Дженсен глубоко вздохнул и посмотрел на меня с непередаваемым выражением на лице.
– В чем дело? – спросила я.
Он невесело рассмеялся:
– Ты не можешь просто… – он сделал паузу и провел рукой по волосам. – Не можешь просто взять и убежать в темный виноградник.
– Тогда с какой стати ты побежал за мной?
Он удивленно заморгал:
– Ну то есть… – Он явно счел свой ответ смешным, но все равно выдал: – Я не могу тебе позволить бегать по темному винограднику одной.
Это меня насмешило.
– Дженсен. По городским меркам от ресторана я отбежала меньше чем на квартал.
Мы оба оглянулись на крутившихся у патио посетителей, ожидающих разрешения вернуться в помещение. Мы их совершенно не волновали.

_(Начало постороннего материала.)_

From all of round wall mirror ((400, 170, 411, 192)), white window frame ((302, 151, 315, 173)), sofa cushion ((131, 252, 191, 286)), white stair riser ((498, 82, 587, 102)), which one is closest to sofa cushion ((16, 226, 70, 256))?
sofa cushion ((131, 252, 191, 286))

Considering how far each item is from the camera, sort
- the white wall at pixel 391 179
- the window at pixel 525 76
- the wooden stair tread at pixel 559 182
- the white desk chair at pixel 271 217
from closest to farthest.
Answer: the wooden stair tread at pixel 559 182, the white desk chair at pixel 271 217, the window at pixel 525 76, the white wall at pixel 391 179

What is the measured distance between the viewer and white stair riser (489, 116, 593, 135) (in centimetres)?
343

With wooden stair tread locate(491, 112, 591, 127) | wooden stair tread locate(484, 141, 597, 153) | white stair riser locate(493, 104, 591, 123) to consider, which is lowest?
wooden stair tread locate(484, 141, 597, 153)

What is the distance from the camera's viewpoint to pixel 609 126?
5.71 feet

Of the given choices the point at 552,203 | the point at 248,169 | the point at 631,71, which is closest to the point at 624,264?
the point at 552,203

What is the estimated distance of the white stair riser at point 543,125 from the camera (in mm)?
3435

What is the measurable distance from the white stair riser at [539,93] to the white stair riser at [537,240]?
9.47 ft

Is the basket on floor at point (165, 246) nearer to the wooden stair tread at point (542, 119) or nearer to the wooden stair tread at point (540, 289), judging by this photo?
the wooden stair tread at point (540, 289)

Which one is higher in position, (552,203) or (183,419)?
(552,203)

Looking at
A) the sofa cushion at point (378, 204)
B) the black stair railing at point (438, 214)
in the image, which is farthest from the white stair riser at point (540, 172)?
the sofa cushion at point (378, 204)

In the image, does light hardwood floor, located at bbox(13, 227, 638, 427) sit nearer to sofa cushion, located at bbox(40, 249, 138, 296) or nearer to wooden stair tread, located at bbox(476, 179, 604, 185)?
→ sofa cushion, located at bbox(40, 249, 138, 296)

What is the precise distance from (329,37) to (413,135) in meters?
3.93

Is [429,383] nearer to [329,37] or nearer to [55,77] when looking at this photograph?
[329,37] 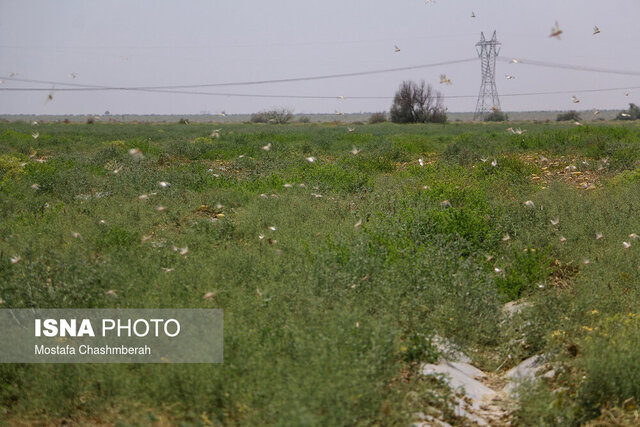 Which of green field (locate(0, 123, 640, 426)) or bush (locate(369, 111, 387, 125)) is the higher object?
bush (locate(369, 111, 387, 125))

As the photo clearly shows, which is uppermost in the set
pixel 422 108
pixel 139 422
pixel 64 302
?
pixel 422 108

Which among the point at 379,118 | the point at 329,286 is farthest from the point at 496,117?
the point at 329,286

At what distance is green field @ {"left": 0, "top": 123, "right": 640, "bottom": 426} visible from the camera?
391 cm

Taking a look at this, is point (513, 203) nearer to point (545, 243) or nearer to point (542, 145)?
point (545, 243)

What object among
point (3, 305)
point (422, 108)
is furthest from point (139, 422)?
point (422, 108)

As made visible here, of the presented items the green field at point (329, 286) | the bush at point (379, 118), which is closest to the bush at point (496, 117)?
the bush at point (379, 118)

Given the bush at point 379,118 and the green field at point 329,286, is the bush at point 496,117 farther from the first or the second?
the green field at point 329,286

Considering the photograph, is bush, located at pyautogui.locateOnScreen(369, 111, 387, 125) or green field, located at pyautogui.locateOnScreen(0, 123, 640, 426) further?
bush, located at pyautogui.locateOnScreen(369, 111, 387, 125)

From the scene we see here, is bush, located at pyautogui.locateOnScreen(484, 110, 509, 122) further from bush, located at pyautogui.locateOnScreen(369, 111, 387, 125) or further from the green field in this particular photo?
the green field

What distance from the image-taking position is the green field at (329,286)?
3908 millimetres

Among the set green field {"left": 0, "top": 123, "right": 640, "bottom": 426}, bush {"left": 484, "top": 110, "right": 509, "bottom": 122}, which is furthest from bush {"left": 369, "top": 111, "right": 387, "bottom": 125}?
green field {"left": 0, "top": 123, "right": 640, "bottom": 426}

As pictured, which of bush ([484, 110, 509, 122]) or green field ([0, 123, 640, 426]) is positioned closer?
green field ([0, 123, 640, 426])

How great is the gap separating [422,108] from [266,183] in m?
51.4

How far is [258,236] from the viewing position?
776 centimetres
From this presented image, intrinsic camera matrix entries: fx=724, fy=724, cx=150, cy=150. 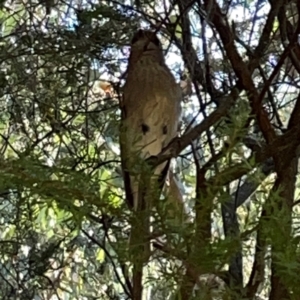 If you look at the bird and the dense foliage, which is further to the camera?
the bird

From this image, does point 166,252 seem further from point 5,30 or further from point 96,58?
point 5,30

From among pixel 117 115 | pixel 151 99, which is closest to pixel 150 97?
pixel 151 99

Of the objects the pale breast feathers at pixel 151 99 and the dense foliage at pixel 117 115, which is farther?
the pale breast feathers at pixel 151 99

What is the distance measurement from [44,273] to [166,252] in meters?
0.51

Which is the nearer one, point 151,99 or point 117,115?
point 117,115

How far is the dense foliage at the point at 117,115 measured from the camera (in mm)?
669

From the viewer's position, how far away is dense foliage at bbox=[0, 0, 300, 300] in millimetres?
669

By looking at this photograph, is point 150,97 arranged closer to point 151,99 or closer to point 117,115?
point 151,99

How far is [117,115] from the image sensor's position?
0.86 metres

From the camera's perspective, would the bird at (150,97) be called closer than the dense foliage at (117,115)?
No

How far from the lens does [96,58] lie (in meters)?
0.87

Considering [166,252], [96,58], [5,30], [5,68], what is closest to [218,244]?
[166,252]

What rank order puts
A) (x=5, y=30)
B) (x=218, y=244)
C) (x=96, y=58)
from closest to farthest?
(x=218, y=244) → (x=96, y=58) → (x=5, y=30)

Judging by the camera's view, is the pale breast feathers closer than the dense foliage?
No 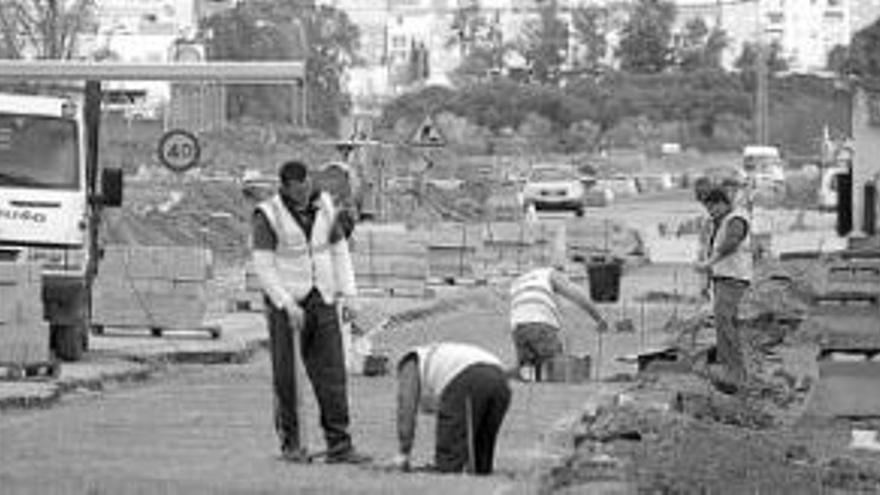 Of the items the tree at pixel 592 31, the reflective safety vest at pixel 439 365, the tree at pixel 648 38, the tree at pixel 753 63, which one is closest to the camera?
the reflective safety vest at pixel 439 365

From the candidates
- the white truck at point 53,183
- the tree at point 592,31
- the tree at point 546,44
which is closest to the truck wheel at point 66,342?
the white truck at point 53,183

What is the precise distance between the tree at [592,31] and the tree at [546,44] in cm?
124

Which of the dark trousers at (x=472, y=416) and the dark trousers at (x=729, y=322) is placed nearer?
the dark trousers at (x=472, y=416)

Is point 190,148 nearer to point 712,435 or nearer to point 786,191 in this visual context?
point 712,435

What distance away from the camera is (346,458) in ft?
51.6

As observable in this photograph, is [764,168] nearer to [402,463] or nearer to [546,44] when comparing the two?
[546,44]

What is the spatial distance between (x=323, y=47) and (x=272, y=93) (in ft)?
58.4

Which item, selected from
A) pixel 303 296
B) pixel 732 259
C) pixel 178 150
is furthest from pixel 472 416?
pixel 178 150

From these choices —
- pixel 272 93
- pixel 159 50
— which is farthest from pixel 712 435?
pixel 159 50

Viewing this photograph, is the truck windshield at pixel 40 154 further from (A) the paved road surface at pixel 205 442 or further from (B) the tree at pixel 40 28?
(B) the tree at pixel 40 28

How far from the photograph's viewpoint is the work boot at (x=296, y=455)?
51.3ft

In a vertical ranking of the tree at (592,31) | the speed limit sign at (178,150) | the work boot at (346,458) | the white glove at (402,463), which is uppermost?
the tree at (592,31)

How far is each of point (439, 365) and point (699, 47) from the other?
145 m

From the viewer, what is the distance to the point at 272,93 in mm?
127812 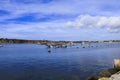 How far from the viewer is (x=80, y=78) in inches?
1692

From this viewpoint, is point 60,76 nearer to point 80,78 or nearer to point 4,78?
point 80,78

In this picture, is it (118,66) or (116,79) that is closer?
(116,79)

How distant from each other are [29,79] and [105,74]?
46.8ft

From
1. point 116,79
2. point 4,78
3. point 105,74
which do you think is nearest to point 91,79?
point 105,74

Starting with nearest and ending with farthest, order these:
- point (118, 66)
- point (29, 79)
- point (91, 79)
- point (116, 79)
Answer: point (116, 79) → point (91, 79) → point (29, 79) → point (118, 66)

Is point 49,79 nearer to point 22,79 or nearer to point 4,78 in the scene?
point 22,79

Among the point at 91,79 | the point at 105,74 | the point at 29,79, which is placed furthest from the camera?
the point at 29,79

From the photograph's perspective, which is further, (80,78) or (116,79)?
(80,78)

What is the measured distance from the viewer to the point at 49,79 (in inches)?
1708

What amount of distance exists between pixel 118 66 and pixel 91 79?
12986 millimetres

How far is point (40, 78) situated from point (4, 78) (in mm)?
7030

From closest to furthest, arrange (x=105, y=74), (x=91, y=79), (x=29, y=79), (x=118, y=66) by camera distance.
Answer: (x=91, y=79) < (x=105, y=74) < (x=29, y=79) < (x=118, y=66)

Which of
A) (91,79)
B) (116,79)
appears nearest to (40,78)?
(91,79)

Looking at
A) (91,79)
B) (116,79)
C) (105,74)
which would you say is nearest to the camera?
(116,79) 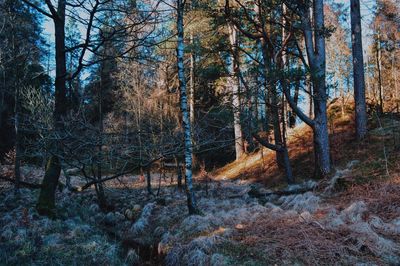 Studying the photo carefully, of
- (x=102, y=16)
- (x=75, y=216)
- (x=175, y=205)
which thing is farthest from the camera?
(x=175, y=205)

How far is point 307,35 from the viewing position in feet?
28.3

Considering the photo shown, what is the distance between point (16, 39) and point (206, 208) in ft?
25.3

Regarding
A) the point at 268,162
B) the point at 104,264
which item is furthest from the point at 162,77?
the point at 104,264

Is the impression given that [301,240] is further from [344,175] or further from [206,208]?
[344,175]

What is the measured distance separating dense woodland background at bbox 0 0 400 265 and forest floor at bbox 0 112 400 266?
3 cm

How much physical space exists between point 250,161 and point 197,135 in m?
10.1

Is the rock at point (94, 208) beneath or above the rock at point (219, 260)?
beneath

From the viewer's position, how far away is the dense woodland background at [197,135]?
4.20 meters

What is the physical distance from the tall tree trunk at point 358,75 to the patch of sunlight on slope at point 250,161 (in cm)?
A: 281

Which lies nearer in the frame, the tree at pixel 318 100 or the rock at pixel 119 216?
the rock at pixel 119 216

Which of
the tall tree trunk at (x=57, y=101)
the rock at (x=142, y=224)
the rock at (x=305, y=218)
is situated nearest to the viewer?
the rock at (x=305, y=218)

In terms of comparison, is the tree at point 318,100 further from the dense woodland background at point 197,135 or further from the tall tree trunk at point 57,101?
the tall tree trunk at point 57,101

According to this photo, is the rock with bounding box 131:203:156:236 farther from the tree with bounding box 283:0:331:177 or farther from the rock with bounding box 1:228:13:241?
the tree with bounding box 283:0:331:177

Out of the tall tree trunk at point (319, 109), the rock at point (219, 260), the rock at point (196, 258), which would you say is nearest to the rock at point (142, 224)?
the rock at point (196, 258)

Я повернулась и посмотрела на его профиль, тускло освещенный фонарями с дальней винодельни. Я задумалась, а не вспомнил ли он наш разговор за столом, о том парадоксе недоверия себе и непонимания других.
– Мне жаль насчет Бекки, – сказала я, и он слегка вздрогнул и посмотрел на меня. – Уверена, что тебе многие говорили это тогда, как только это случилось, и раны были свежими. Но готова поспорить, с тех пор больше никто ничего не сказал на эту тему.
Он полностью повернулся ко мне, но ничего не ответил, кроме осторожного:
– Да…
– Я помню, когда умерла моя бабушка, – я отвела взгляд и посмотрела на бесконечные ряды виноградных лоз. – Это было много лет назад; она была достаточно молодой. Мне было одиннадцать, а ей… так, сейчас… почти восемьдесят.
– Мне очень жаль, – тихо произнес Дженсен.
Я улыбнулась ему.
– Спасибо. Самое интересное в том, что поначалу все очень грустили из-за нас. И искренне. Но со временем ее уход ощущался все тяжелее, по крайней мере, для Леле. Стало все больше недоставать всех этих мелких и важных моментов, связанных с бабулей. То есть с течением времени легче не стало. Просто наша печаль стала тише. Мы просто перестали об этом говорить, но я знаю, что Леле очень тяжело не делиться со своей мамой каждой, даже незначительной горестью и мелкой победой, – я снова посмотрела на него. – К чему я это веду: да, прошло шесть… Шесть лет?
– Да. Шесть, – подтвердил он.
– Так вот, шесть лет спустя хочу сказать тебе, что мне очень жаль, что она больше не часть твоей жизни.
Он кивнул, открыл рот, но сдержался и промолчал. Дженсен явно не любил говорить о себе, когда дело касается отношений. Вообще.
– Спасибо, – снова тихо сказал он, но я знала, что не эти слова вертелись у него на кончике языка.
– Скажи это, – вытянув руки, попросила я. Я медленно развернулась. – Отдай эти слова мне, этому винограду и лозам, и всем тем инструментам в сарае.